Södertälje shooting rekindles mafia fears

Swedish police has confirmed that the 41-year-old man shot in front of his young sun in a central Södertälje garage on Thursday afternoon was living under potential threat, due to ties to the brutal 2010 executions of two brothers in a local community centre.

Södertälje shooting rekindles mafia fears
Forensic officers at the scene on Thursday. Photo: Fredrik Sandberg/TT

Police in the town less than an hour south of Stockholm received a call at 3.25pm on Thursday from a witness who had heard at least two gun shots. In a garage minutes from the police station, officers found a wounded man who was quickly taken to hospital by helicopter. Initial media reports stated the victim had been shot in the head. A gun with a silencer was found outside the parking garage.

"The wounded man is in the operating theatre," Södertälje police spokeswoman Lotta Thyni told The Local. "We do not know what condition he is in, and we will not comment his injuries."

Witnesses said the man was attacked in front of his son, who was taken to safety by an onlooker.

Nor would the police confirm the gun found on the scene, which was equipped with a silencer. Witnesses said they heard at least two shots, some many more. There were still forensic officers on the ground at 9pm, Thyni confirmed, while the local police continued to speak with witnesses and to coordinate information. 

Local media reported that the victim was considered a potential target, due to an unspecified connection with the murders of Yacoub and Eddie Moussa in the Oasen community centre in 2010. 

"We have opened an investigation into attempted murder," Thyni said. One person was arrested late on Thursday evening.

The 41-year-old victim had been charged in the massive court case against local organized criminals the Södertälje Network, local newspaper Länstidningen confirmed. 

In August 2013, the suspected sergeant-at-arms of the local Södertälje Network gang, Bernard Khouri, was sentenced to life in prison for conspiracy to commit three murders – the Moussa brothers as well as Muhaned Ali, the friend and X-Team affiliate of younger Moussa brother Dany. The latter was arrested for drug possession at the scene of his brothers' killings, a move in part orchestrated by the police to keep him out of harm's way in case he was next on the assassins' hit list. Before being taken away, however, a distraught Dany threatened to kill a Khouri affiliate at the scene. The same person was later charged with extorting protection money from local businesses.

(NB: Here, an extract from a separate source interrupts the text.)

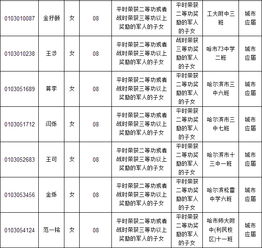 150001到期（哈尔滨市南岗区邮编150001） 第1张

More than two years later, the district court verdict stated that the two feuding gangs – the Network and the Bandidos-affiliated X-Team – were attempting to control the gambling market in the town of 90,000, of which many are first and second-generation Christian migrants from the Middle East. Khouri is Syriac, whereas the Moussa family is Assyrian. Several other suspects were also jailed for crimes ranging from theft to extortion.

Many of the long list of suspects' defence attorneys as well as the prosecution have appealed the verdict – with Khouri's lawyer Fredrik Ungerfält telling The Local last week that the verdict was based on structural evidence "alone and in the absence of causal evidence".

"Khouri has been convicted of conspiracy to murder only because he was considered the leader of a criminal organization," Ungerfält wrote via email. "It's utterly wrong."

The entire court case will be reexamined by the appeals court later this month.